See e.g. the excellent SGI Fortran90 manual (or here) Information about the CINES machines can be found under CINES, or CINES : Introduction au calcul scientifique.
Important switches are:
-macro_expand: Enable macro expansion
-mp: Enable parallelization with OpenMP directives
-INLINE:aggressive=ON -INLINE:list -INLINE:preempt=ON: General keywords for inlining
-INLINE:must=...: Optimization: routines that should be inlined (see Sect. 3.7.2).
-Ofast -OPT:Olimit=0: General optimization.
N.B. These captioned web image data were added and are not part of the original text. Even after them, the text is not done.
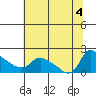 St Helens tide chart for Thursday, August 4, 2022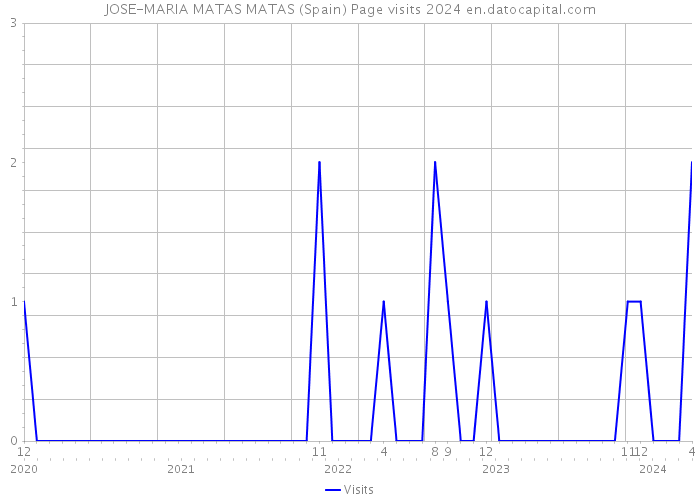 JOSE-MARIA MATAS MATAS (Spain) Page visits 2024 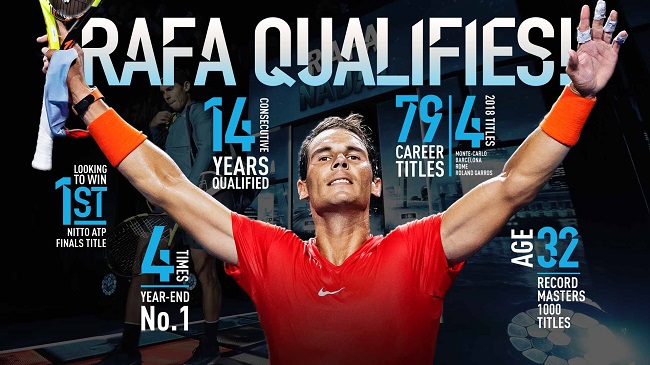 Рафаэль Надаль стал первым участником Итогового турнира ATP в этом сезоне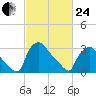 Hainesport tide chart for Tuesday, February 24, 2026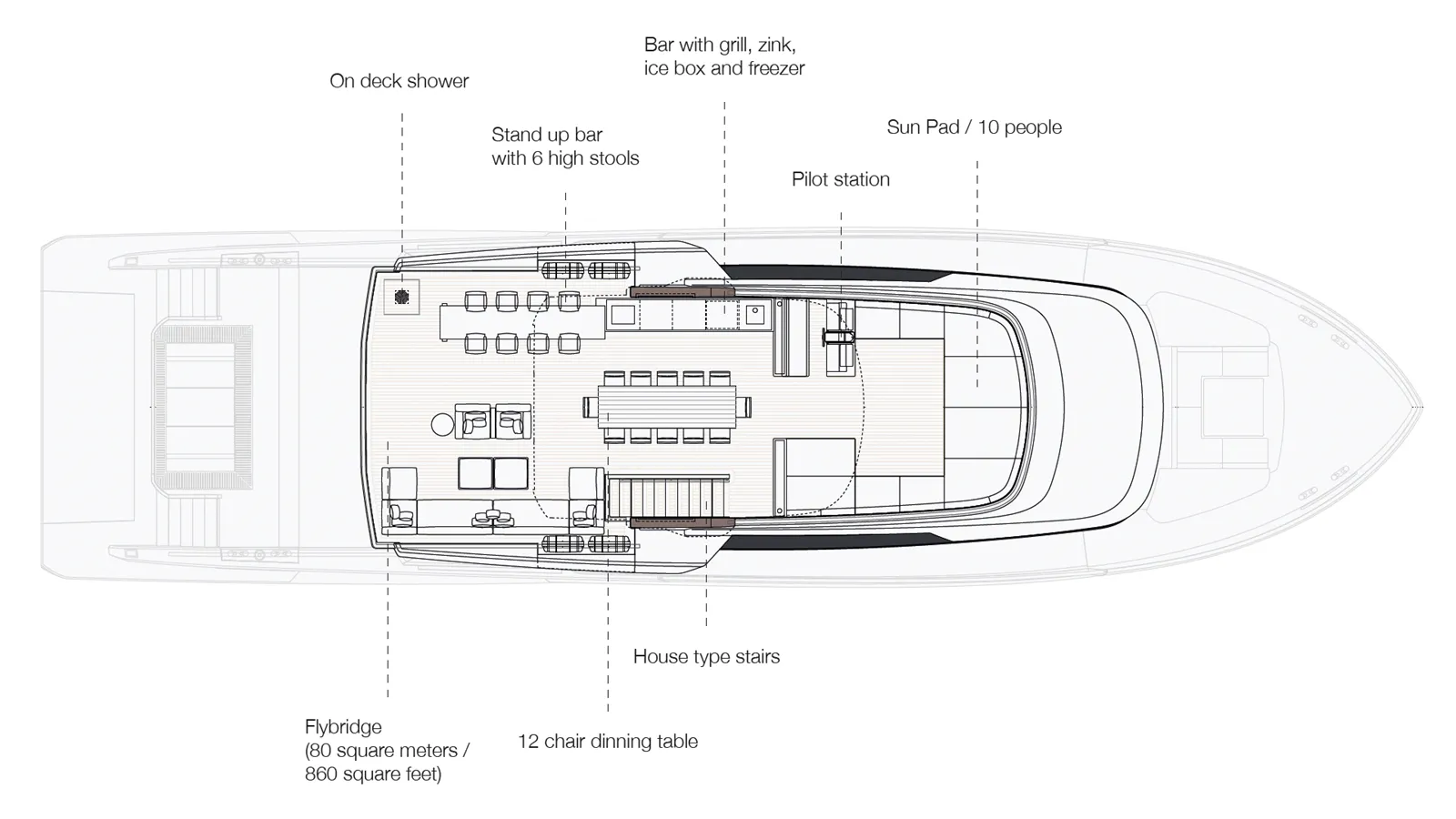 Продажа яхты VIVACE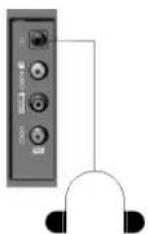 LG RT-21FA35V - Anschluss externer Geräte - 4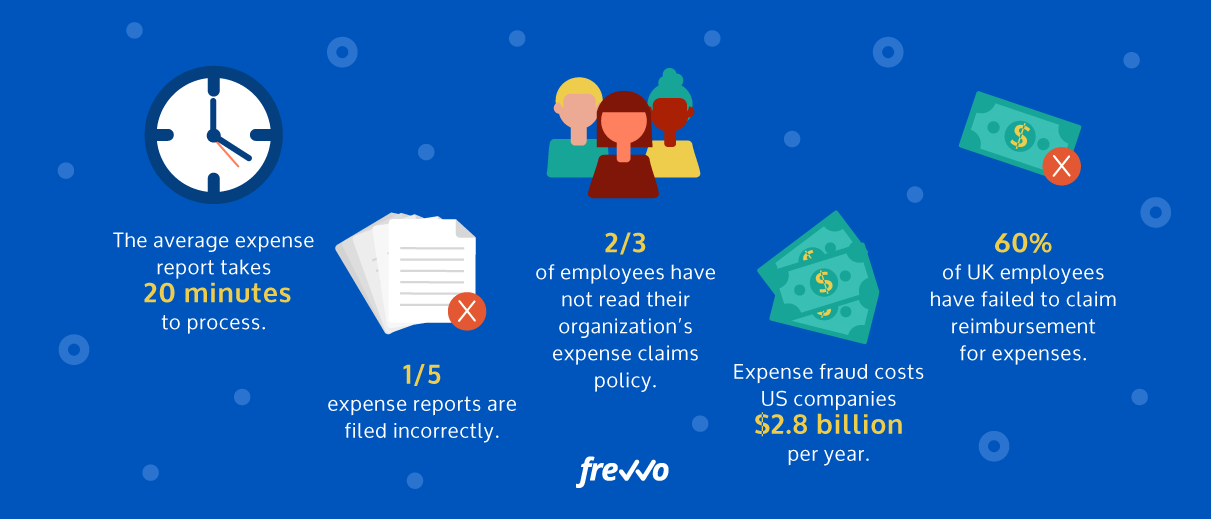 Expense claims statistics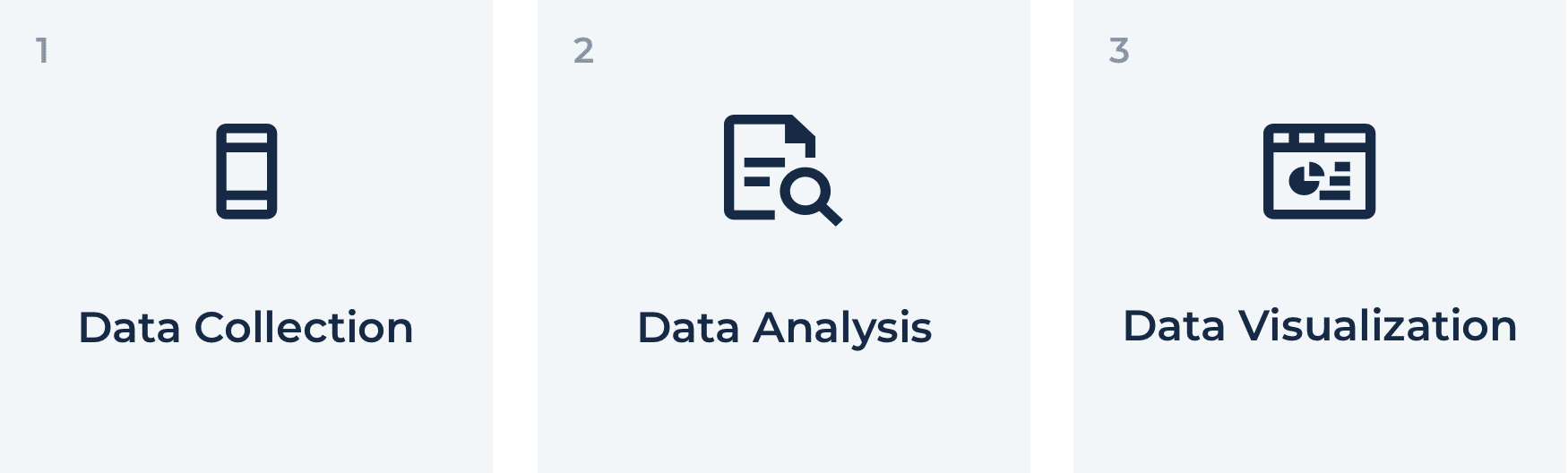 Graphic showing three steps of the data lifecycle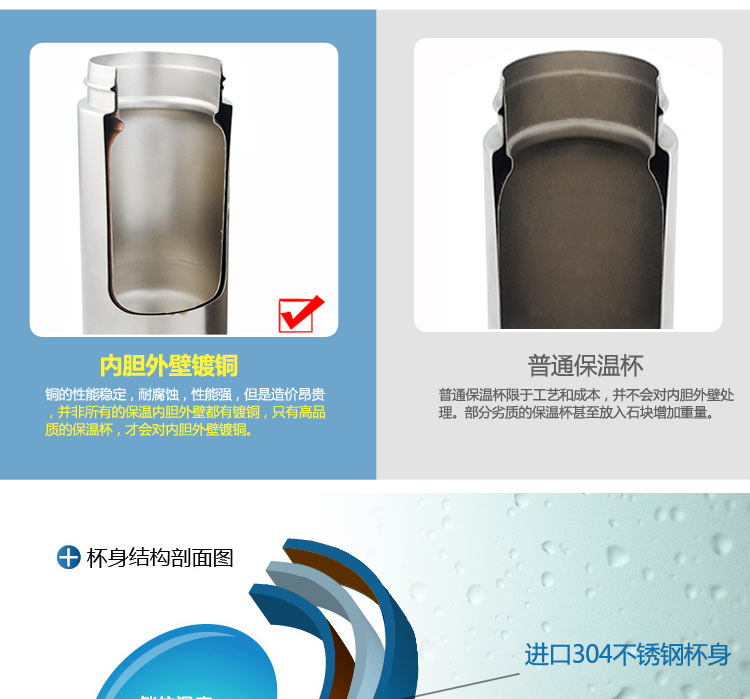 合口美 进口304不锈钢真空保温运动水壶 户外运动旅行热水瓶暖壶 944 砂光小 1000ml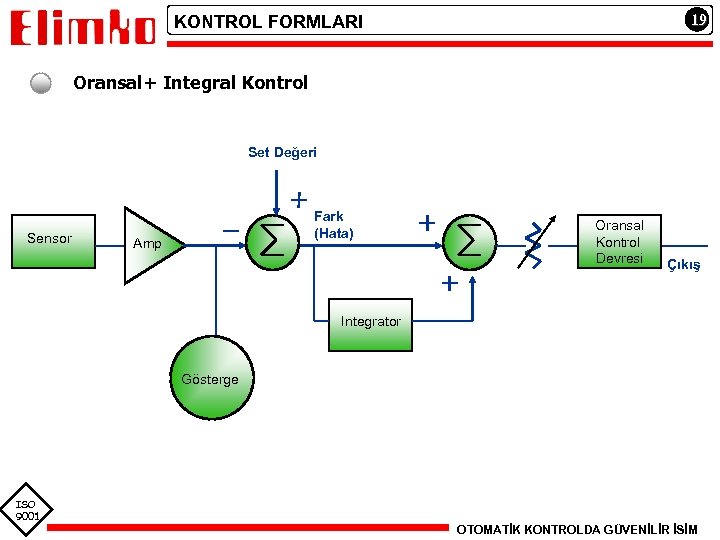 19 KONTROL FORMLARI Oransal+ Integral Kontrol Set Değeri Sensor Fark (Hata) Amp Oransal Kontrol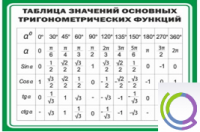 Стенд "Таблица значений основных тригонометрических функций" (вариант 1) - «globural.ru» - Ижевск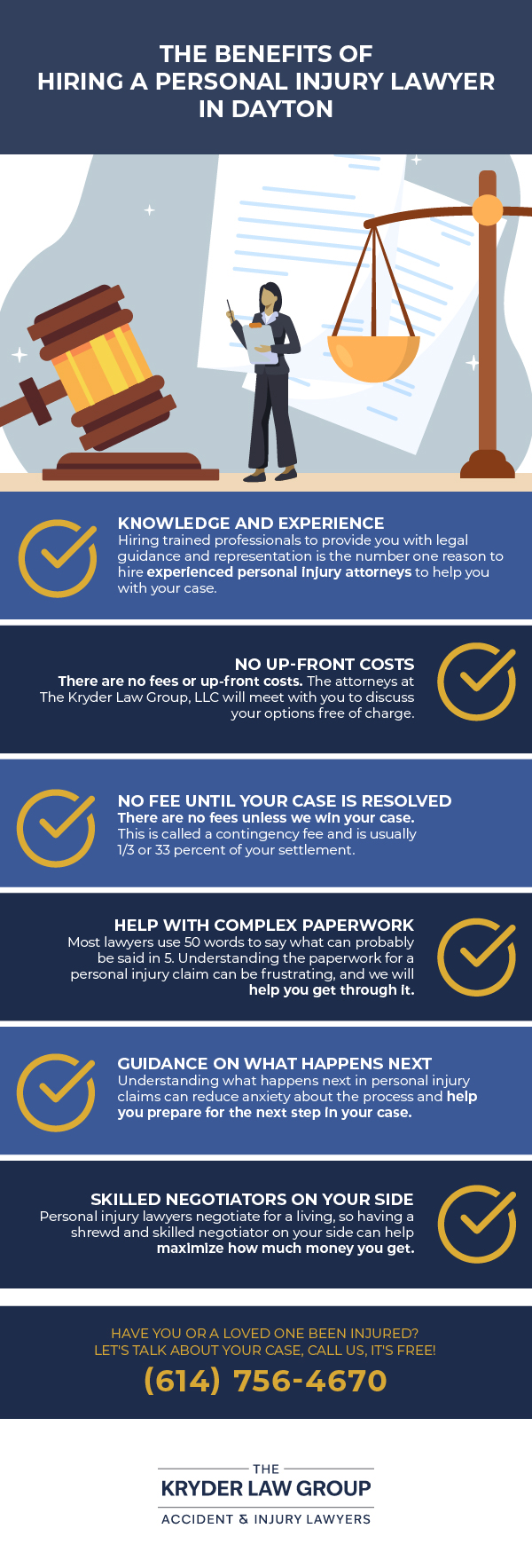 The Benefits of Hiring a Personal Injury Lawyer in Dayton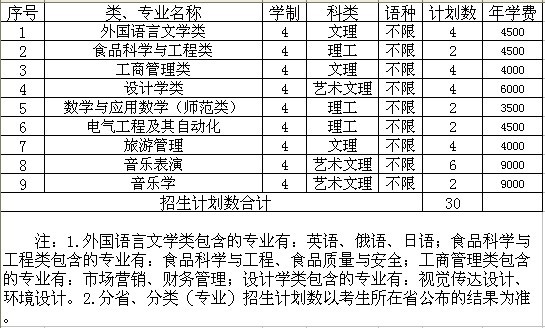 ★绥化学院2013年承认哪些省的艺术类统考成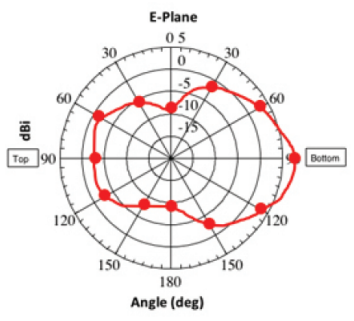 5 GHz Elevation (Vertical) Gain pattern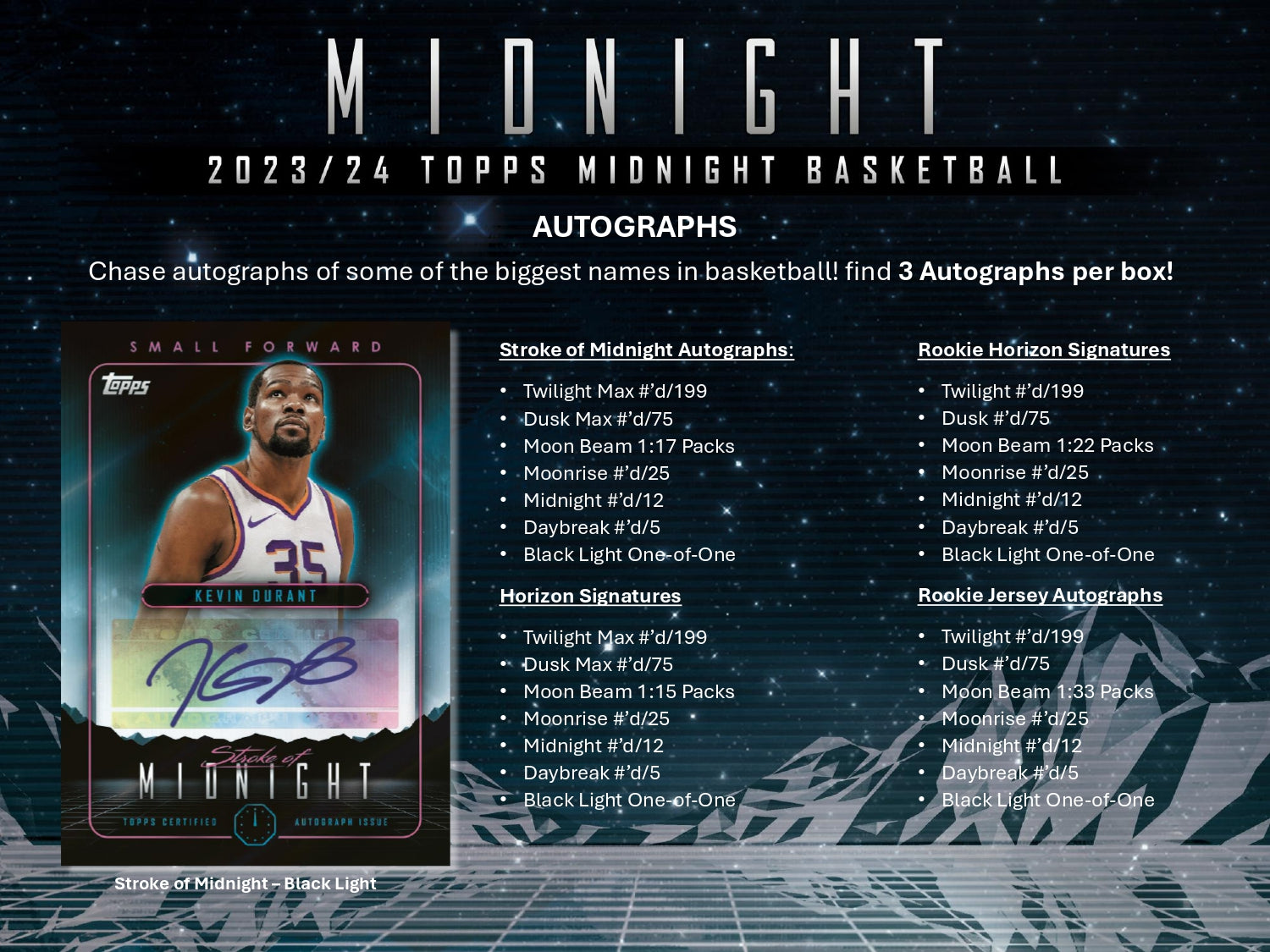 Topps Midnight Basketball 2023/24 - Hobby Box、mySite、waistdrama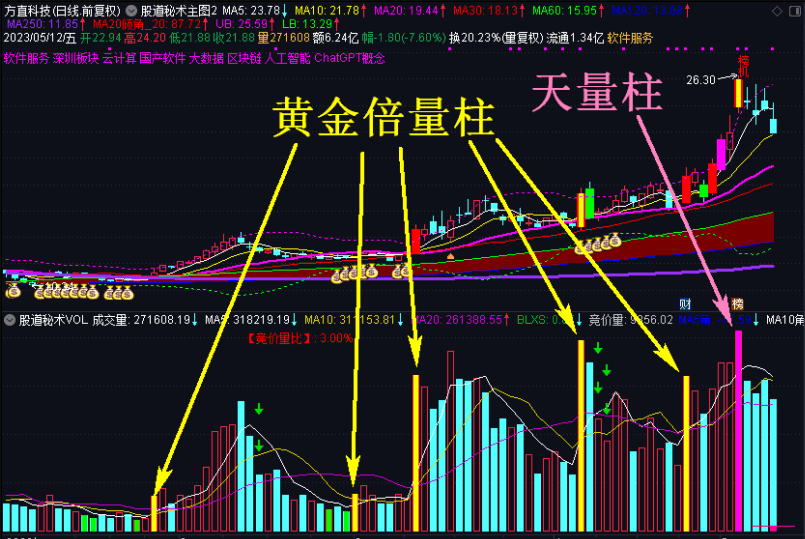 〖股道秘术成交量〗2.0版副图指标 完美成交量系统大分享 学会自我判断成交量 通达信 源码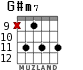 G#m7 for guitar - option 6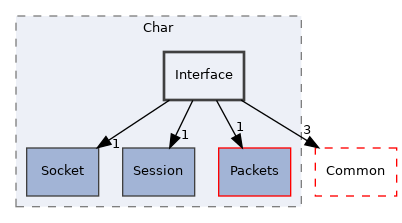 src/Server/Char/Interface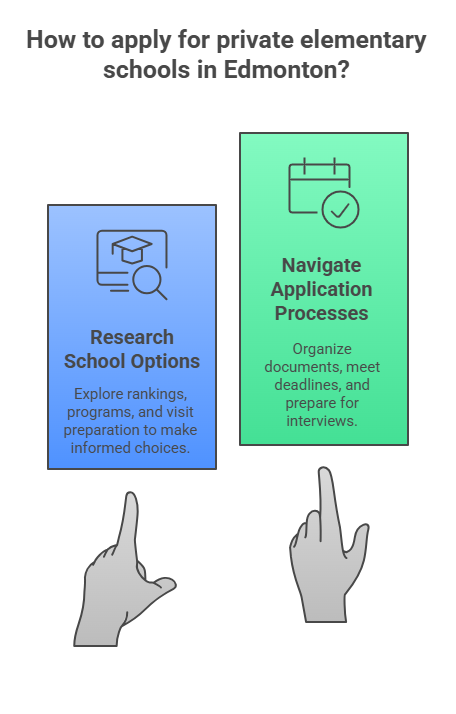 Best Elementary Schools in Edmonton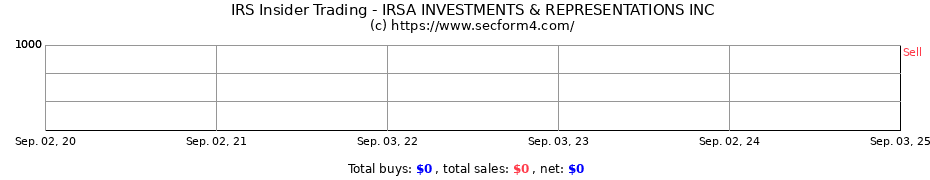 Insider Trading Transactions for IRSA INVESTMENTS & REPRESENTATIONS INC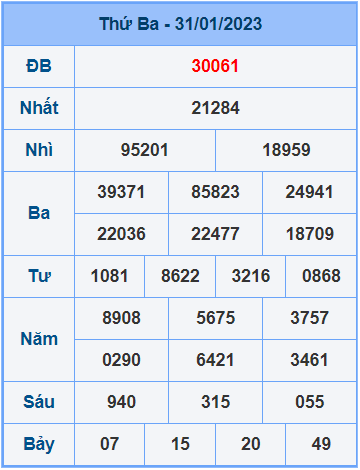 Soi cầu XSMB 1/2/2023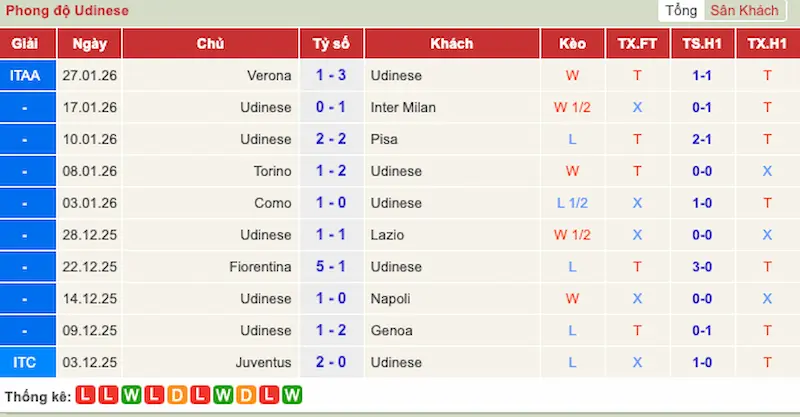 Nhận định trận đấu Hellas Verona vs Udinese 2h45 - 27-01-2026 - Serie A – Màn so tài cân não định đoạt cục diện giữa bảng! 2 Phong độ 10 trận gần đây của Udinese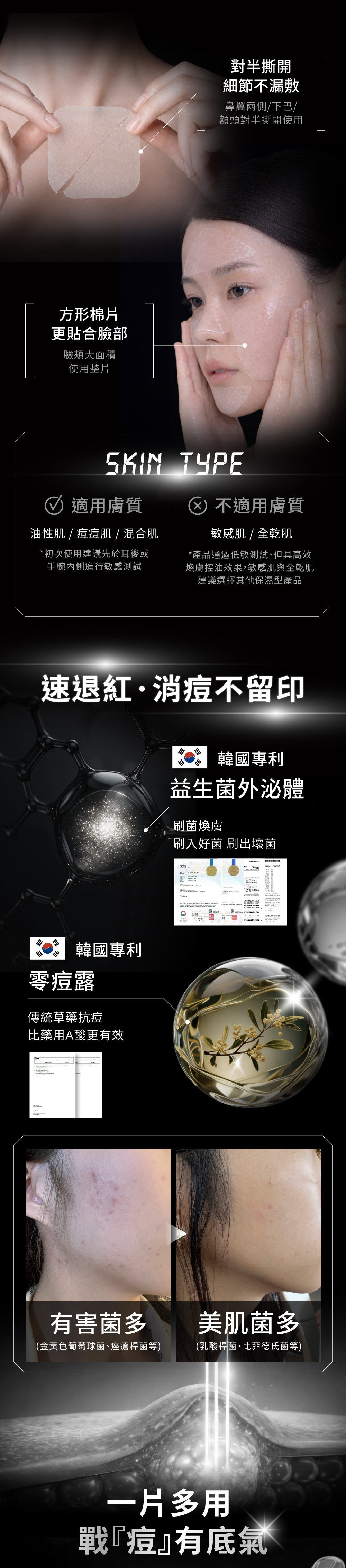 益生菌外泌體及零痘露專利證明，3步驟消痘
On older compiler versions
-O3was the achievable optimum.
-IPA:plimit=5500: Even more optimization. This option requires lots of memory (> 1 GByte). To get it it might be necessary to ask for more than one processor for the compilation (especially on the CINES machines).
-CG:longbranch_limit=60000: This switch limits needed compiler resources. It is suggested by the compiler (on the CINES machines) itself.
-Drhd_roe1d_step_l01=1: Slight performance improvement